“‘Boa noite a todos e a todas’ está correto? Virou moda entre alguns políticos de minha cidade se referir a ‘todos e todas’. Todos não engloba… todas?”
É claro que engloba. Trata-se de um princípio gramatical do português, que não herdou do latim o gênero neutro: cabe ao masculino quebrar o galho nesse papel, abarcando também o feminino. A rebelião de certos falantes contra isso, que deu no modismo que intriga o leitor, é um dos aspectos da onda politicamente correta que, a partir do último quarto do século passado e tendo como centro irradiador o meio universitário americano, passou a tentar mudar a linguagem como uma forma de mascarar problemas que não conseguia resolver na realidade.

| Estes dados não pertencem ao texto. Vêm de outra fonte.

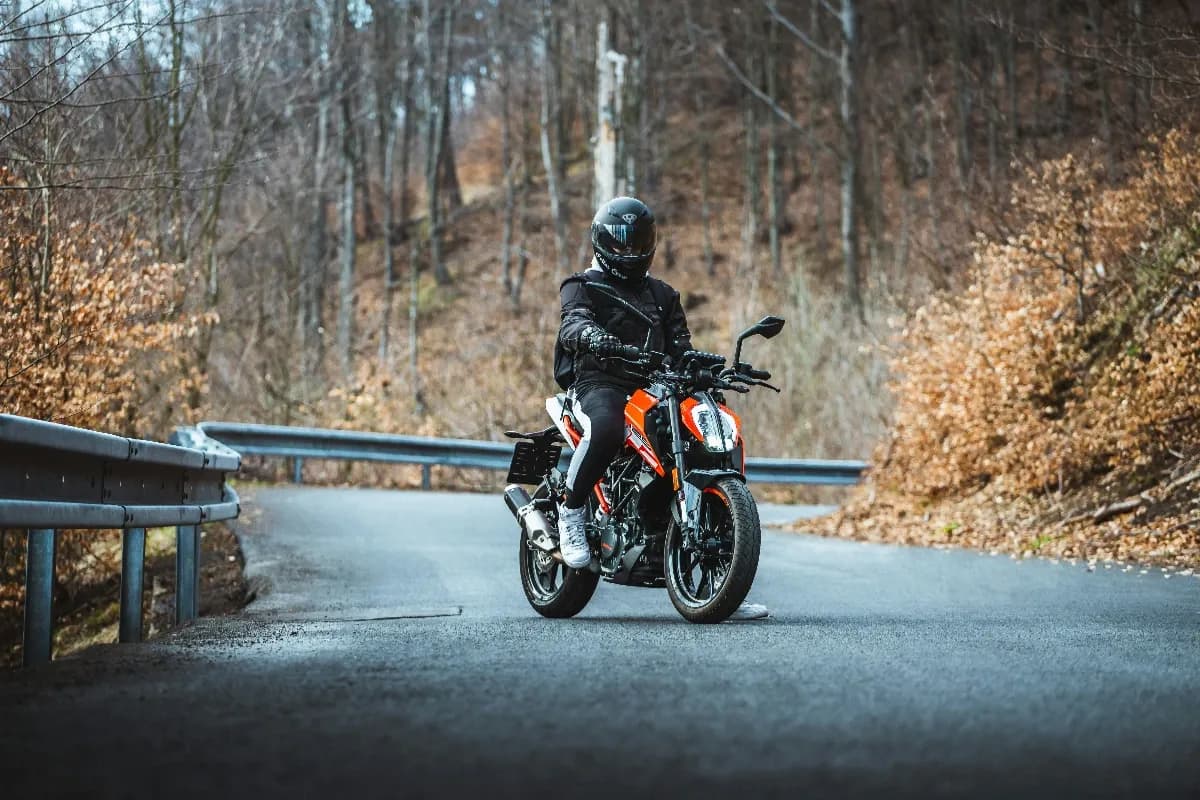 Top 5 Touring Bikes for Beginners in India – Comfortable & Affordable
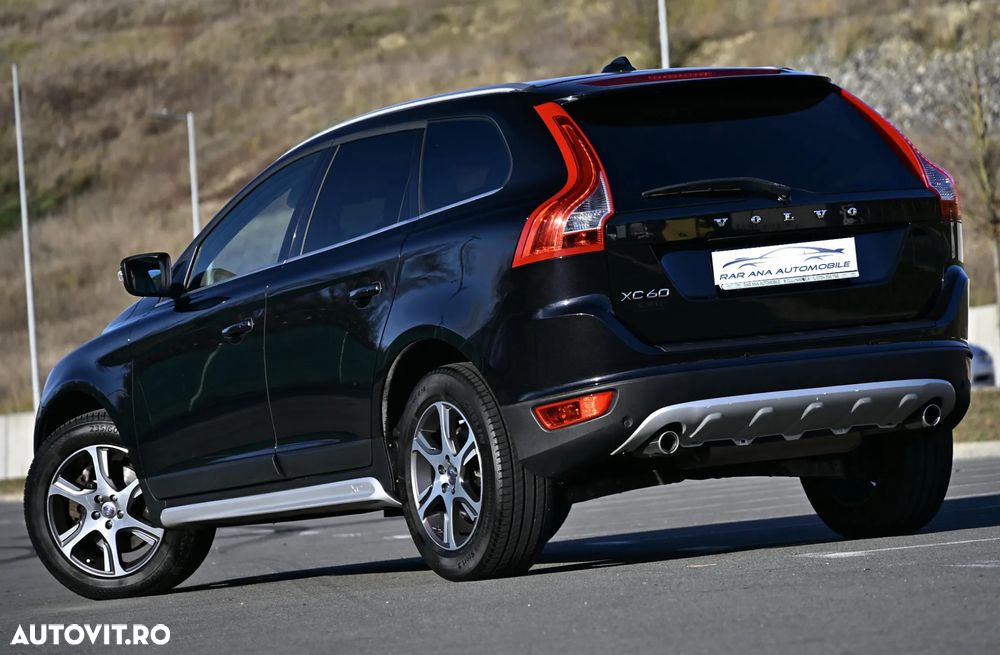 Volvo XC 60 D5 AWD Aut. Summum - 4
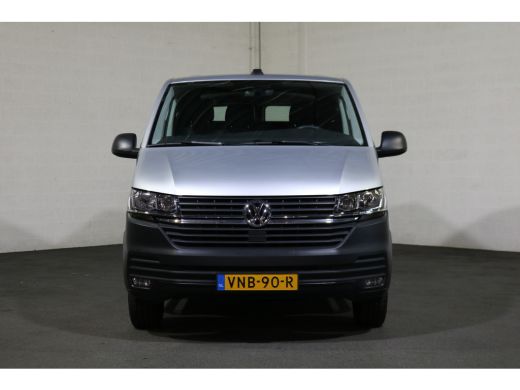 Volkswagen Transporter 2.0 TDI L1 H1 110pk Airco Navigatie Trekhaak ActivLease financial lease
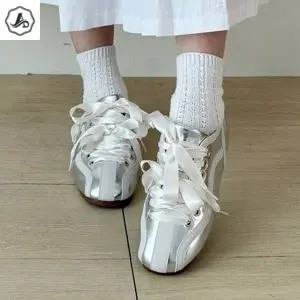 [애슬릿] 여성 스니커즈 운동화 러닝화 캐주얼 패션 리본 플랫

Algumas propostas do movimento se afogaram no próprio ridículo – aquela de chamar carecas de “capilarmente diferenciados”, por exemplo. Outras, porém, terminaram se entranhando de tal forma em nosso modo de falar e pensar que muitas vezes nem nos damos conta da mudança. O substantivo velhice começou por ceder espaço no discurso de muita gente ao eufemismo terceira idade e, em seguida, viu-se substituído por uma formulação francamente apatetada:
melhor idade.
Não se trata de condenar a herança politicamente correta em bloco. É saudável que se chame a atenção dos falantes para a carga odiosa de racismo embutida num verbo como “judiar”, para citar um exemplo de ampla circulação no português. Judiar, maltratar, nasceu com uma mácula indisfarçável: quer dizer “tratar como se tratam os judeus”.
De volta à questão de “todos e todas” – ou “brasileiros e brasileiras”, como José Sarney gostava de abrir seus discursos quando presidente da República –, o modismo tem até nome: “linguagem inclusiva”. Tem também um princípio de aparato legal a protegê-lo, tornando seu uso obrigatório em algumas esferas da administração pública. Basicamente, trata-se de uma bobagem populista – daí seu sucesso com os políticos, cultores por excelência de bobagens populistas.
Será que vale a pena encher nossa língua de cacos, redundâncias e pedidos de perdão, como se fôssemos todos(as) advogados(as) gagos(as)? Ou seria melhor se combatêssemos as discriminações reais onde elas de fato causam dano à sociedade?